## WORK REQUIRED
Output all of the entries below precisely as written.
START RECORDS SUPPLIED
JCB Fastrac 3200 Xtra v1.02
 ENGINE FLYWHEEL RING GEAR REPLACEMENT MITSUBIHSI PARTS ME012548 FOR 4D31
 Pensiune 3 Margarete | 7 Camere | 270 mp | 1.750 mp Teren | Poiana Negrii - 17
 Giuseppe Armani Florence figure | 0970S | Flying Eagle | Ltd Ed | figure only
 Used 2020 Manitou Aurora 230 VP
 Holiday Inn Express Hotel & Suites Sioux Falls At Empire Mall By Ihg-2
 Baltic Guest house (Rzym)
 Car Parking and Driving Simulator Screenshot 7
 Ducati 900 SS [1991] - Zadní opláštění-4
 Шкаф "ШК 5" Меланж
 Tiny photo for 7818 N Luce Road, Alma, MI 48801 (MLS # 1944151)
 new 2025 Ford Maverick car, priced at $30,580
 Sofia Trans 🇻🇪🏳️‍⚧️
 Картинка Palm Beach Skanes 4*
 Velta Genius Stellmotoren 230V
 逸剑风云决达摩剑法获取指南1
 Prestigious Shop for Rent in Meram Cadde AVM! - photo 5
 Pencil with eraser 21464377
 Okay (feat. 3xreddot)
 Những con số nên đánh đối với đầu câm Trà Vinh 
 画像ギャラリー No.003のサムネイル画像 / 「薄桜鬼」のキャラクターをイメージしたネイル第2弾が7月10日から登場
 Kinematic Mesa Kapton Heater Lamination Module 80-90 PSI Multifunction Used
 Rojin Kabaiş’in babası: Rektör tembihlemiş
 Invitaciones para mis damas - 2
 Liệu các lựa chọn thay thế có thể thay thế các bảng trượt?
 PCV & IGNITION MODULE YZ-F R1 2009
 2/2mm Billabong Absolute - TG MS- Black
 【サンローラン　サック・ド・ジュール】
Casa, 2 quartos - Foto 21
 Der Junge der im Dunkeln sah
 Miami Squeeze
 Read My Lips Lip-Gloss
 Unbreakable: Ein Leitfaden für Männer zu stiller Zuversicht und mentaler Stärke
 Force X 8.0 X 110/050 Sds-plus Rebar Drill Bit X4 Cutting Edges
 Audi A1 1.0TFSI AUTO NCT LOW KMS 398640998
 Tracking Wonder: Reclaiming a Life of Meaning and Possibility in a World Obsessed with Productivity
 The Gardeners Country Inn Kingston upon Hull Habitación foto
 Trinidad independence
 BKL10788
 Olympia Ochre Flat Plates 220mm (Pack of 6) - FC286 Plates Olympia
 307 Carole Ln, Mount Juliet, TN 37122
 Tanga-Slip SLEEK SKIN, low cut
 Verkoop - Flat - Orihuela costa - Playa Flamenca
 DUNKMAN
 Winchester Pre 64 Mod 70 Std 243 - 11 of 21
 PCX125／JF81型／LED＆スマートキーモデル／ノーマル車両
END RECORDS SUPPLIED
## WRITTEN SOLUTION
JCB Fastrac 3200 Xtra v1.02
 ENGINE FLYWHEEL RING GEAR REPLACEMENT MITSUBIHSI PARTS ME012548 FOR 4D31
 Pensiune 3 Margarete | 7 Camere | 270 mp | 1.750 mp Teren | Poiana Negrii - 17
 Giuseppe Armani Florence figure | 0970S | Flying Eagle | Ltd Ed | figure only
 Used 2020 Manitou Aurora 230 VP
 Holiday Inn Express Hotel & Suites Sioux Falls At Empire Mall By Ihg-2
 Baltic Guest house (Rzym)
 Car Parking and Driving Simulator Screenshot 7
 Ducati 900 SS [1991] - Zadní opláštění-4
 Шкаф "ШК 5" Меланж
 Tiny photo for 7818 N Luce Road, Alma, MI 48801 (MLS # 1944151)
 new 2025 Ford Maverick car, priced at $30,580
 Sofia Trans 🇻🇪🏳️‍⚧️
 Картинка Palm Beach Skanes 4*
 Velta Genius Stellmotoren 230V
 逸剑风云决达摩剑法获取指南1
 Prestigious Shop for Rent in Meram Cadde AVM! - photo 5
 Pencil with eraser 21464377
 Okay (feat. 3xreddot)
 Những con số nên đánh đối với đầu câm Trà Vinh 
 画像ギャラリー No.003のサムネイル画像 / 「薄桜鬼」のキャラクターをイメージしたネイル第2弾が7月10日から登場
 Kinematic Mesa Kapton Heater Lamination Module 80-90 PSI Multifunction Used
 Rojin Kabaiş’in babası: Rektör tembihlemiş
 Invitaciones para mis damas - 2
 Liệu các lựa chọn thay thế có thể thay thế các bảng trượt?
 PCV & IGNITION MODULE YZ-F R1 2009
 2/2mm Billabong Absolute - TG MS- Black
 【サンローラン　サック・ド・ジュール】
Casa, 2 quartos - Foto 21
 Der Junge der im Dunkeln sah
 Miami Squeeze
 Read My Lips Lip-Gloss
 Unbreakable: Ein Leitfaden für Männer zu stiller Zuversicht und mentaler Stärke
 Force X 8.0 X 110/050 Sds-plus Rebar Drill Bit X4 Cutting Edges
 Audi A1 1.0TFSI AUTO NCT LOW KMS 398640998
 Tracking Wonder: Reclaiming a Life of Meaning and Possibility in a World Obsessed with Productivity
 The Gardeners Country Inn Kingston upon Hull Habitación foto
 Trinidad independence
 BKL10788
 Olympia Ochre Flat Plates 220mm (Pack of 6) - FC286 Plates Olympia
 307 Carole Ln, Mount Juliet, TN 37122
 Tanga-Slip SLEEK SKIN, low cut
 Verkoop - Flat - Orihuela costa - Playa Flamenca
 DUNKMAN
 Winchester Pre 64 Mod 70 Std 243 - 11 of 21
 PCX125／JF81型／LED＆スマートキーモデル／ノーマル車両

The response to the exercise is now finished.